Through their extensive research, Dr Basso and his team have demonstrated how digital healthcare for plants and soil, in the form of better management of fertiliser and irrigation, can maintain better crop health throughout its growth cycle and improve environmental sustainability.
Precision Plant Health
Rarely are the fields used to grow crops a uniform, flat area. Even a single field can show significant variations in soil quality, microclimate, elevation and water cycling. These factors impact plant development and can lead to dramatic differences in the health and yield of the crop across the field.
Despite this, conventional agricultural practices usually treat these fields as a homogenous area, for example, by applying nitrogen fertiliser uniformly across the field. Consequently, some plants may not be getting adequate fertiliser to support their growth, while others whose growth is limited by other factors cannot use all the supplied fertiliser, which then finds its way into the surrounding ecosystem.
Dr Basso and his collaborators have been exploring how detailed crop management plans can be produced by combining Digital Agriculture with ‘precision agriculture’ – systems that allow variable inputs of fertilisers and irrigation according to the spatial variability of crop growth.

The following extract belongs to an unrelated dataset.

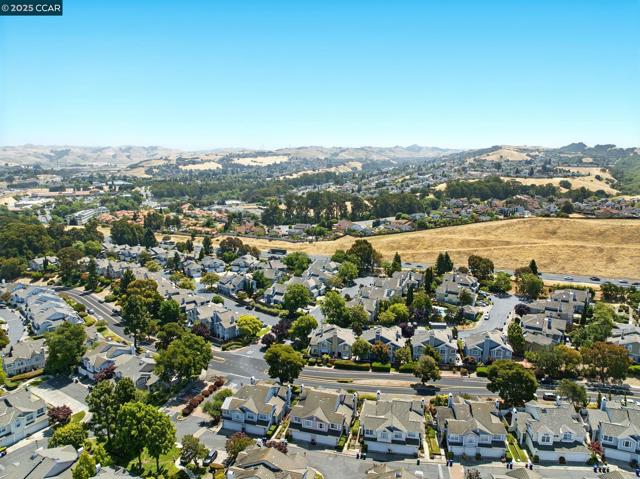 214 S Wildwood, Hercules CA: https://media.crmls.org/mediaz/624c3ab2-ead8-470c-a665-b6b3bb926f8b.jpg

‘Thus far, algorithm developers for precision management have lacked the data and computational tools needed to convert complex spatial information on soil and plant status into appropriate crop management actions,’ explains Dr Basso. ‘Misinterpretation and misuse of data appears to be a consequence.’ For example, many farmers use precision technologies to increase nitrogen fertiliser application on low-yielding areas of fields in an effort to increase yields, rather than reducing application in these areas to avoid the excess leaching into the surrounding environment.
Dr Basso and his team developed new methods of analysing the spatial and temporal data from satellites and the yield sensors on farming machinery to produce informative yield stability maps. ‘Yield stability maps depict areas within a field characterised by consistently high productivity over time, other areas with consistently low productivity, and other areas where yields are unstable – high one year, low the next,’ Dr Basso explains.

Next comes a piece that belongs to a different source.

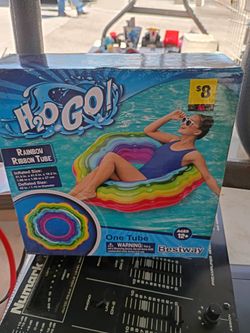 Plastic pool tube $5 available 5 pzs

‘Filling in the gaps with big data to create the next agricultural revolution will benefit not only the economics of agriculture, but the environment as well. We are only leasing the Earth’s land, so we must leave it in better condition than that in which it was given to us.’
The individualised crop management plans arising from this analysis allow farmers to incorporate not only the productivity of different areas of their fields, but also variations in other factors that affect plant development, such as rainfall, and adjust their crop treatments accordingly. Many previous attempts at prescriptive maps for precision agricultural inputs have been based solely on soil maps, neglecting the interactions between soil, weather, and other farming practices that may significantly impact crop yields in different years.
Dr Basso’s evidence-based predictive approach helps to take the guesswork out of crop production and could help to reduce environmental impact. His team demonstrated that if fertiliser application was based on plant demand rather than relying on a uniform application, nitrogen fertiliser use in the Midwest of the USA could be reduced by as much as 36%. Aside from reducing waterway pollution, decreasing fertiliser use also reduces greenhouse gas emissions and energy usage.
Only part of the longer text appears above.